## DATA SHOWN
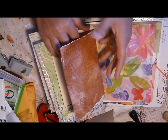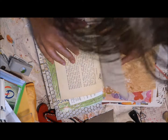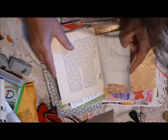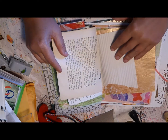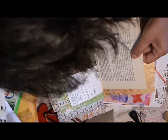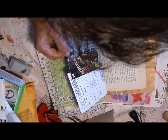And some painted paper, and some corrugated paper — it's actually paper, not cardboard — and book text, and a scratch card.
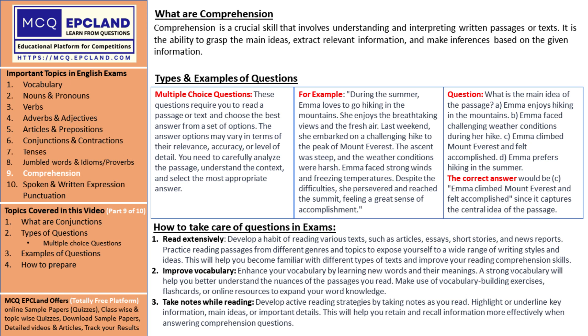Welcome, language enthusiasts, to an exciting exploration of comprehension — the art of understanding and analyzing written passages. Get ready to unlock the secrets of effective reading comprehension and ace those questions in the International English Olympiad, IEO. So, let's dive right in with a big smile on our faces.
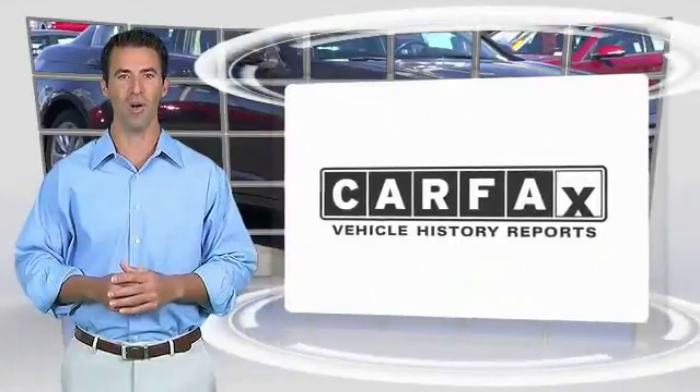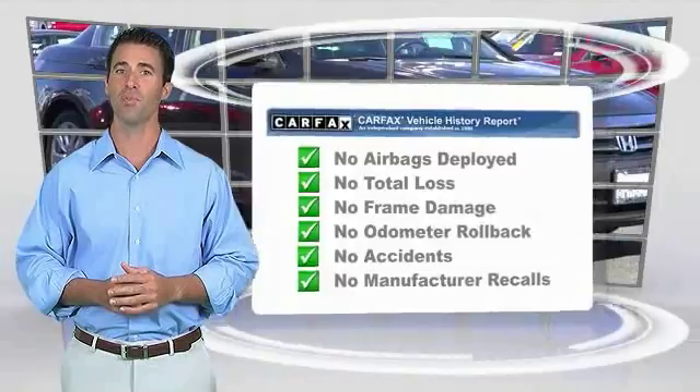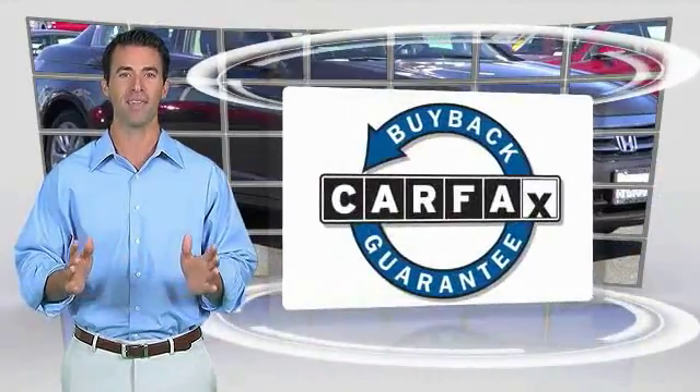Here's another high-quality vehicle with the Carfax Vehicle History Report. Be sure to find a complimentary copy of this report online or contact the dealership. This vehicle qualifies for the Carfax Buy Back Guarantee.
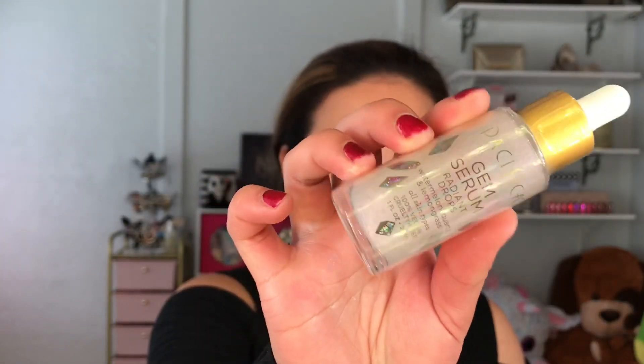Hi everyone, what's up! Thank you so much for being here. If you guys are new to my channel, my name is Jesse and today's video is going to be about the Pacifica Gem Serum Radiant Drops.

## ABOUT THIS TASK
Print the data exactly, from its first line to the line containing "Here's another high-quality", both included. Omit the pictures.

## EXERCISE RESPONSE
And some painted paper, and some corrugated paper — it's actually paper, not cardboard — and book text, and a scratch card.
Welcome, language enthusiasts, to an exciting exploration of comprehension — the art of understanding and analyzing written passages. Get ready to unlock the secrets of effective reading comprehension and ace those questions in the International English Olympiad, IEO. So, let's dive right in with a big smile on our faces.
Here's another high-quality vehicle with the Carfax Vehicle History Report. Be sure to find a complimentary copy of this report online or contact the dealership. This vehicle qualifies for the Carfax Buy Back Guarantee.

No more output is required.